Dataset excerpts:
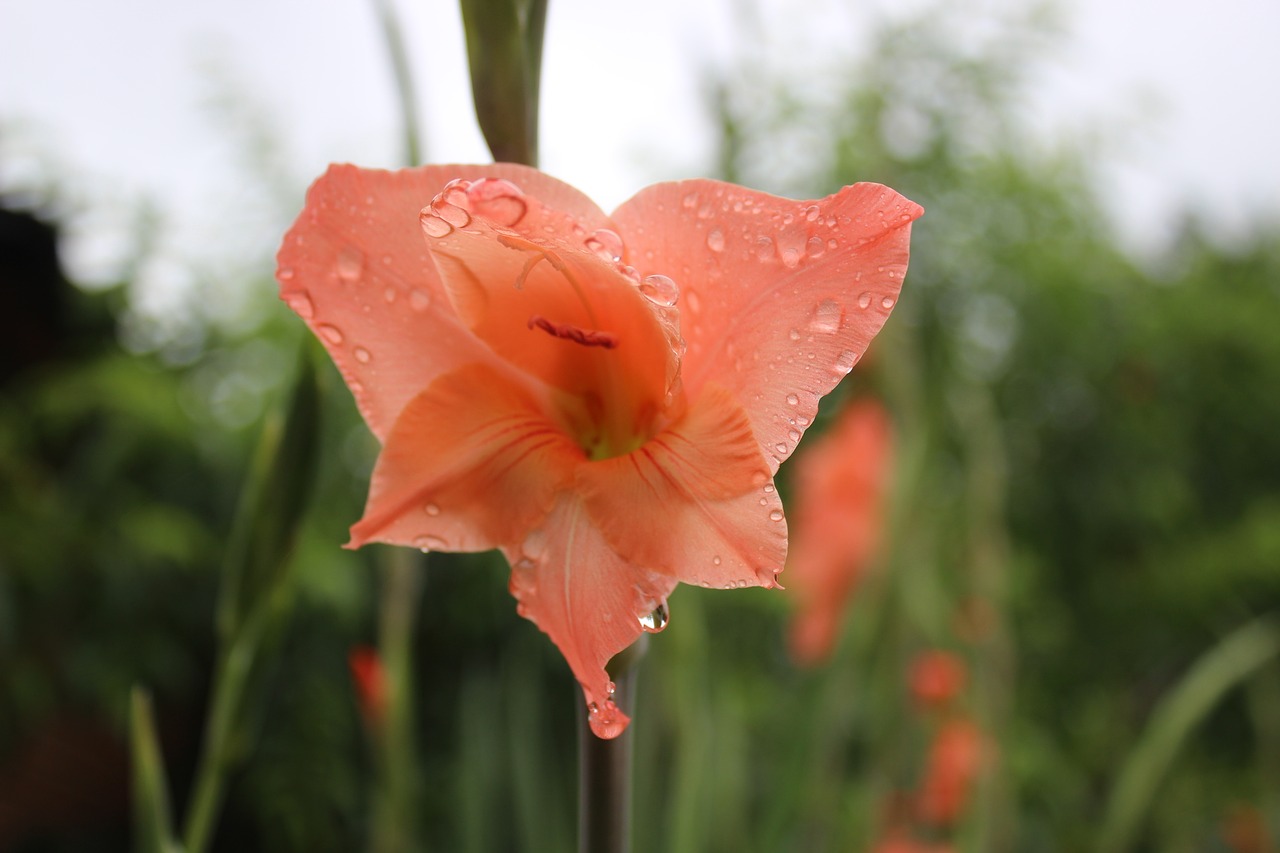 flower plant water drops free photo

...

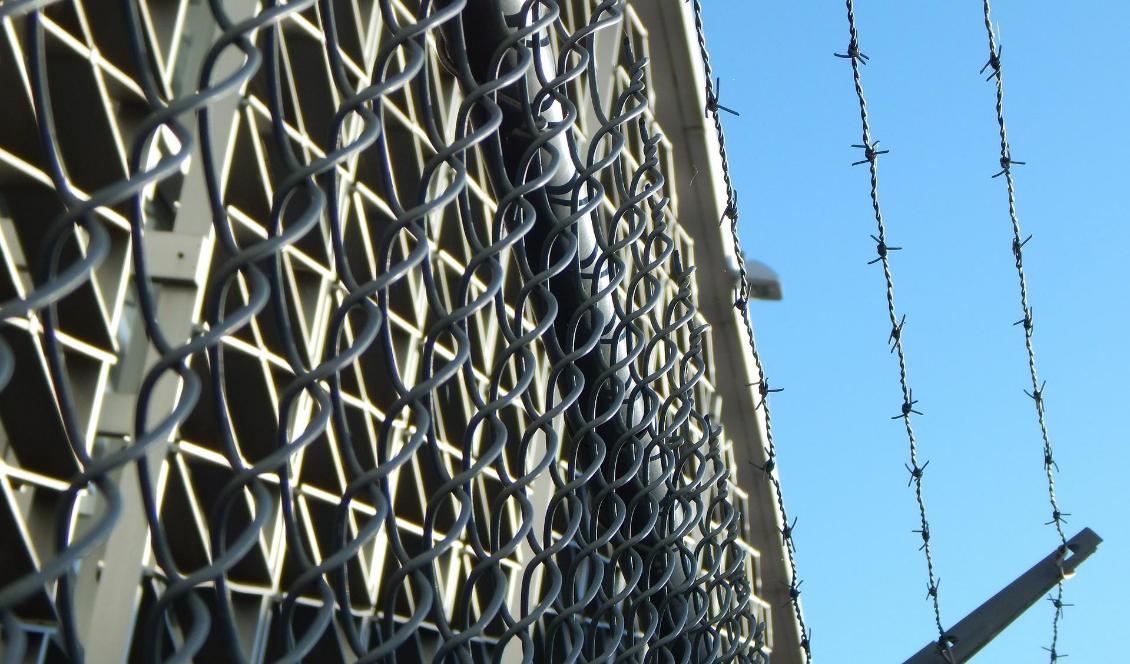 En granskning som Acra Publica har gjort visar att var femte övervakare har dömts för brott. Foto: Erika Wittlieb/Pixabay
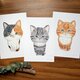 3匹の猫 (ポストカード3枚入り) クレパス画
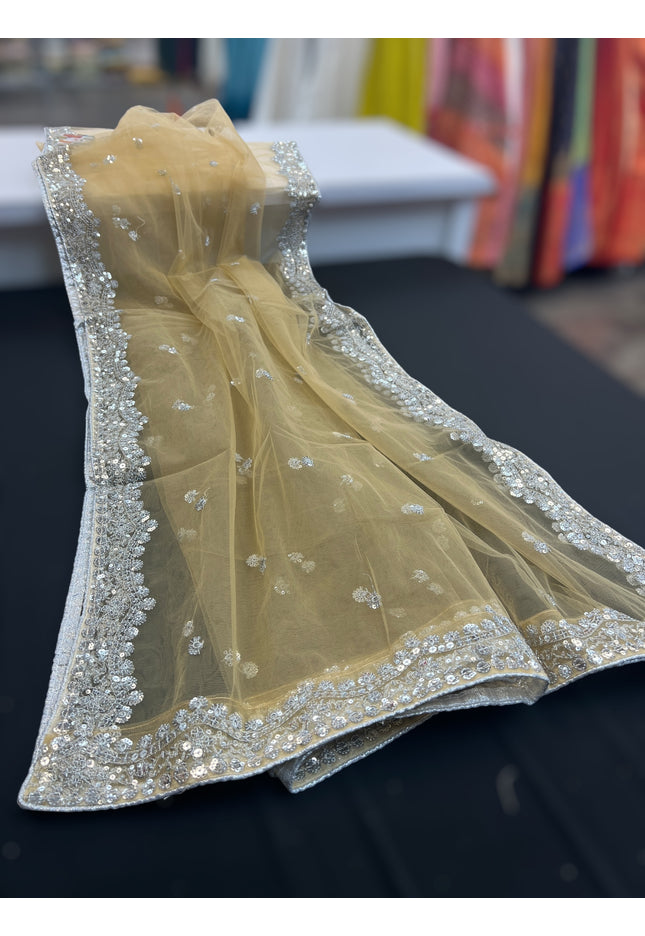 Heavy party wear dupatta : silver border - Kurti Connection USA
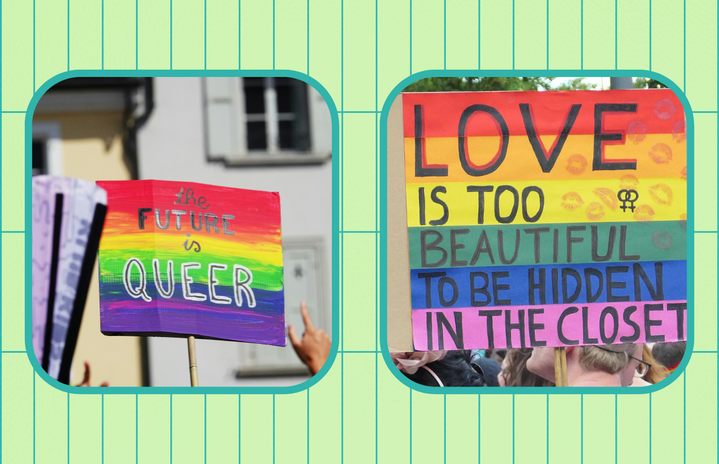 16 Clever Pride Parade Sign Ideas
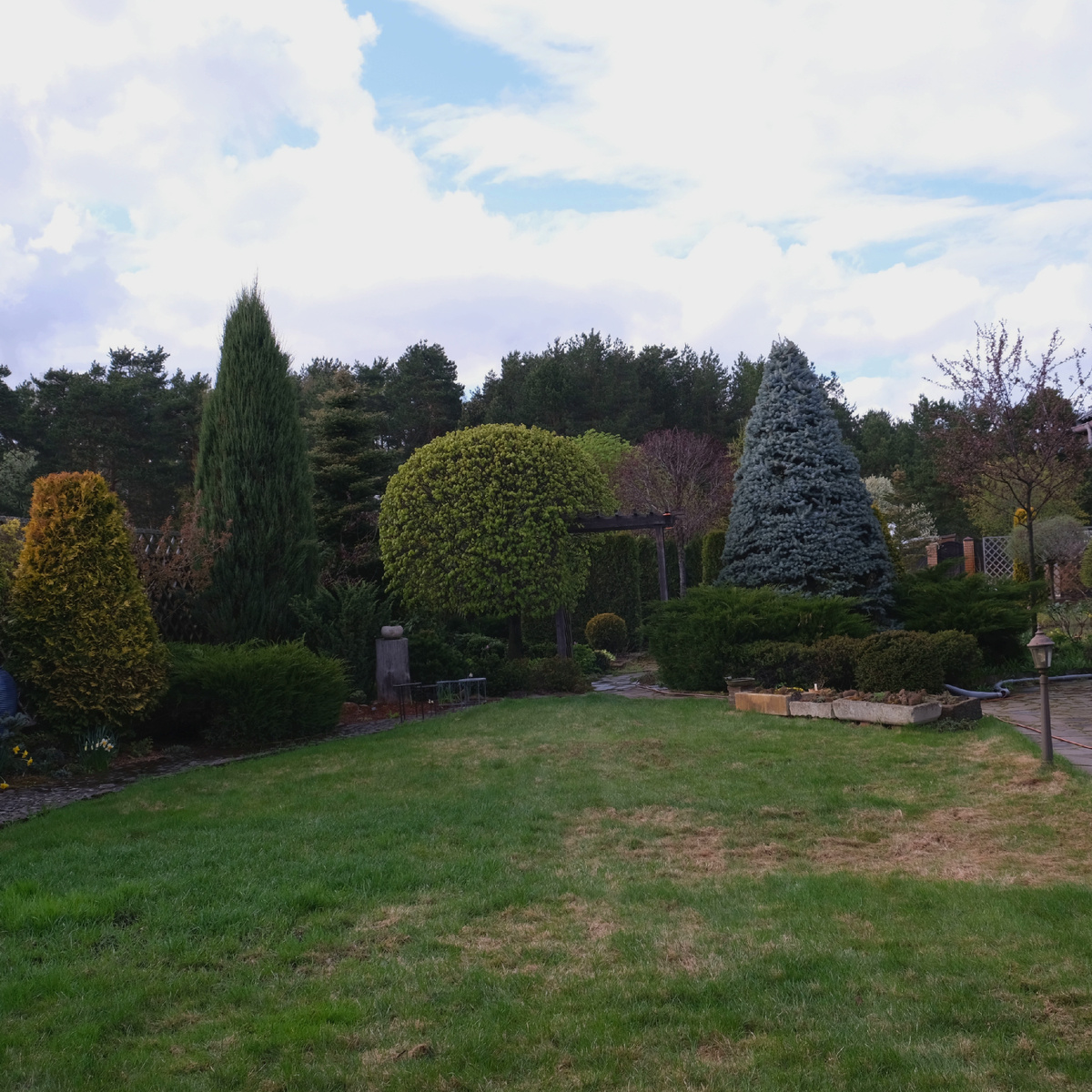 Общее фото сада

What is needed: Please return the material above only from the line that holds "En granskning som" through the line that holds "Общее фото сада", exactly as it stands, ends included and pictures omitted.

Answer area:
 En granskning som Acra Publica har gjort visar att var femte övervakare har dömts för brott. Foto: Erika Wittlieb/Pixabay
 3匹の猫 (ポストカード3枚入り) クレパス画
 Heavy party wear dupatta : silver border - Kurti Connection USA
 16 Clever Pride Parade Sign Ideas
 Общее фото сада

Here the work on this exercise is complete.